Jacques Chanut : Certains ont bloqué les opérations, et refusent que nos compagnons viennent sur les chantiers. C'est notamment le cas de maîtres d'ouvrage publics, alors même que les pouvoirs publics souhaitent, pour le moment, que les chantiers continuent.

 

Batiactu : En cas de confinement plus rigoureux, qu'envisagez-vous pour le secteur ?

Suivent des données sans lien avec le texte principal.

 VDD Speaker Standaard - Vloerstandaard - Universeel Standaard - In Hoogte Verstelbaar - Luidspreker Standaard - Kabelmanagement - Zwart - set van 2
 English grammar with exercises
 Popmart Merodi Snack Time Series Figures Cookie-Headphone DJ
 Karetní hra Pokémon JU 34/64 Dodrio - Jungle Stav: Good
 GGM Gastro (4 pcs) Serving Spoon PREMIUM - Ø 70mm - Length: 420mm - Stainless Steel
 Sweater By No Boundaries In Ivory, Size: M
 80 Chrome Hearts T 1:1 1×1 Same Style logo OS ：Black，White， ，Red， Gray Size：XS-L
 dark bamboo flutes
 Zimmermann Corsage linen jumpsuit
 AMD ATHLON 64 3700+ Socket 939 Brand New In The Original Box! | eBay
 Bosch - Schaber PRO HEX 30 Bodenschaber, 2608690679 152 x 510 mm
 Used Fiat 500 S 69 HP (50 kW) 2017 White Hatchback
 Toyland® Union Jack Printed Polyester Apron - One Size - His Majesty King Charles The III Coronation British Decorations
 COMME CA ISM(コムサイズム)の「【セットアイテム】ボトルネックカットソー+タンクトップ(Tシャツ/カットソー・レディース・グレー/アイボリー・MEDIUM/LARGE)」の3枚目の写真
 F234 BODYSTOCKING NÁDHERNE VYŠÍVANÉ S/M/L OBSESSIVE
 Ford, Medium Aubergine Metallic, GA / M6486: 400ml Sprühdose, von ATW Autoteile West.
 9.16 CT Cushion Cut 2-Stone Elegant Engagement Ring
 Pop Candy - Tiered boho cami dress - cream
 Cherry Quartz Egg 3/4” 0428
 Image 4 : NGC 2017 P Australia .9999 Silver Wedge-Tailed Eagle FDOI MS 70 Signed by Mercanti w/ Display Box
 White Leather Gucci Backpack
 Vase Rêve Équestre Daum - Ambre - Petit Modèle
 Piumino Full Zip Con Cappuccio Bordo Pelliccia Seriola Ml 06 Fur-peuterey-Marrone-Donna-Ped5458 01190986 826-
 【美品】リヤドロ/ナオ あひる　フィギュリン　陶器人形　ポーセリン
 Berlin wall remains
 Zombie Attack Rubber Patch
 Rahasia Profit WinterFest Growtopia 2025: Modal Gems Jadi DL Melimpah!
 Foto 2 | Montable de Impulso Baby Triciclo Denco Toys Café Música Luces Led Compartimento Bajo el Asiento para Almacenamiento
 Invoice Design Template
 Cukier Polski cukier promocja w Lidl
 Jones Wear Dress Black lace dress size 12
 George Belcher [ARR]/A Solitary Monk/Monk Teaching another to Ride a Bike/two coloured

Jacques Chanut : Quel que soit le degré de confinement décidé, nous avons besoin de connaître le cadre de celui-ci, de manière très précise. Parce que plus nous y réfléchissons, plus nous percevons des points de détails et d'organisation à adapter : par exemple, deux compagnons peuvent-ils monter dans la même camionnette ? Et je pose également la question du dépannage d'urgence : ne faudrait-il pas maintenir certains services d'urgence, en cas par exemple de fuite d'eau ou de problématique de chauffage ? Ne voyez pas une critique dans mes propos par rapport à la stratégie gouvernementale, car nous vivons une situation sans précédent, et le Gouvernement est vraiment au feu sur tous ces sujets. Ils font le maximum. Mais force est de constater que nous découvrons de nouvelles subtilités toutes les heures.

 

Batiactu : Une fermeture pure et simple des chantiers est-elle à envisager ?

 

Jacques Chanut : C'est envisageable, mais le Gouvernement doit savoir que nous ne pourrons pas fermer un chantier d'une manière aussi simple et évidente qu'un restaurateur ferme son restaurant. Nous devrons en effet disposer d'une période allant de 24 à 48 heures pour effectuer la sécurisation du chantier, puis le fermer. Par quoi passe cette sécurisation ? Par exemple, installer des clôtures, retirer le matériel de chantier, ne pas laisser d'outils coupants, décoffrer ce qu'on a coulé la veille...

 

Batiactu : Comment les entreprises vont-elles tenir le coup durant cette période où l'activité se bloque ?

 

Jacques Chanut : Si l'activité est bloquée pour 15 jours, nous demandons des mesures fortes, comme la suppression (et non la seule suspension) des charges, de la TVA... Il nous faut tenir en attendant la reprise économique. Il nous faut éviter les dépôts de bilan dans les quinze jours, ainsi que les tensions psychologiques que cela pourrait créer chez certains chefs d'entreprise.

 

Batiactu : Comment voyez-vous la suite de cette crise, le moment de la reprise ?

 

Jacques Chanut : Nos entreprises mettront probablement des années à se remettre d'un tel choc. Il faudra lisser sur dix ans les sommes à rembourser, je pense notamment aux mensualités de crédit. Mais cela sera la préoccupation de demain. Aujourd'hui, la priorité, c'cest la survie économique des entreprises.